# Meaning of TSD master belt



## IcemanSK (Feb 19, 2008)

As a TKD guy, I find the TSD master belts really interesting. Can someone describe the significance of the midnight blue & the red stripe? I've seen one red stripe in the middle & also blue in the middle & one red stripe on each side. Can someone tell me what each part of each belt represents?

Thanks!


----------



## JWLuiza (Feb 19, 2008)

IcemanSK said:


> As a TKD guy, I find the TSD master belts really interesting. Can someone describe the significance of the midnight blue & the red stripe? I've seen one red stripe in the middle & also blue in the middle & one red stripe on each side. Can someone tell me what each part of each belt represents?
> 
> Thanks!


 
There are some other threads re: Midnight blue out there.  Basically, a differentiatior of TSD from other systems.  Philosophically, Black is an endpoint, while Midnight Blue cuold be forever darkened.  The learning never ends.  
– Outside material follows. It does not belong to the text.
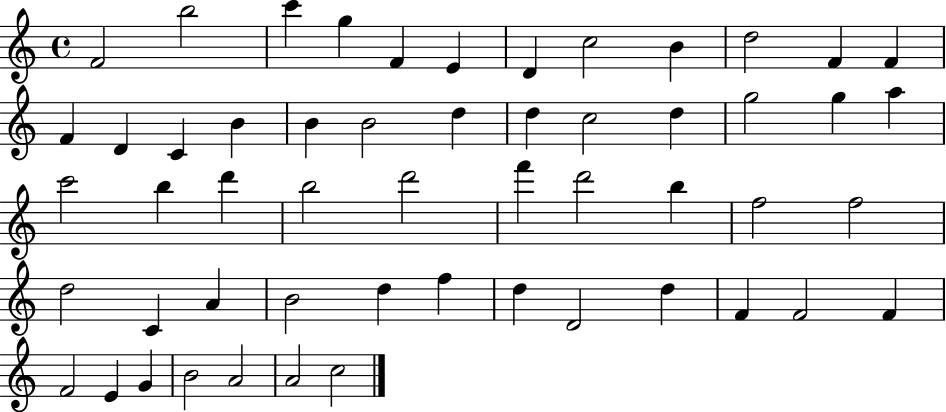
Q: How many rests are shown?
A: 0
The red has several distinctions, mainly being the last belt before the chodan, so sometimes the red showing through would be an indicator of a long time training.  There are probably other explanations as well.  A good TSD resource for this info is www.warrior-scholar.com/smf  take a look!

The double red stripe is used by some GMs at higher level, but is a newer occurence and is NOT found in the Moo Duk Kwan, the originators of the Master's belt.


----------



## JWLuiza (Feb 20, 2008)

Sorry Iceman,

It looks like I am a thread killer.


----------



## Miles (Feb 20, 2008)

I'll try to revive it-noticed several Tang Soo Doin at Master Penfil's who did not wear the master belt though they are 4th dan or above.  Is this an organizational or personal decision?

Miles


----------



## Makalakumu (Feb 20, 2008)

For my teacher and his students, it's a personal decision.  Basically, we choose to make a clean split with that tradition AND to reject the overly ubiquitous title master.


----------



## IcemanSK (Feb 21, 2008)

The reason I asked was I saw an ad for "new master belts" the had the red stripe through the center & "master belts" with a red stripe on either side w/ midnight blue or black in the middle. I figured that if it were advertised as such from a company that doesn't do TSD belts exclusively, there must have a degree of universality to the meaning.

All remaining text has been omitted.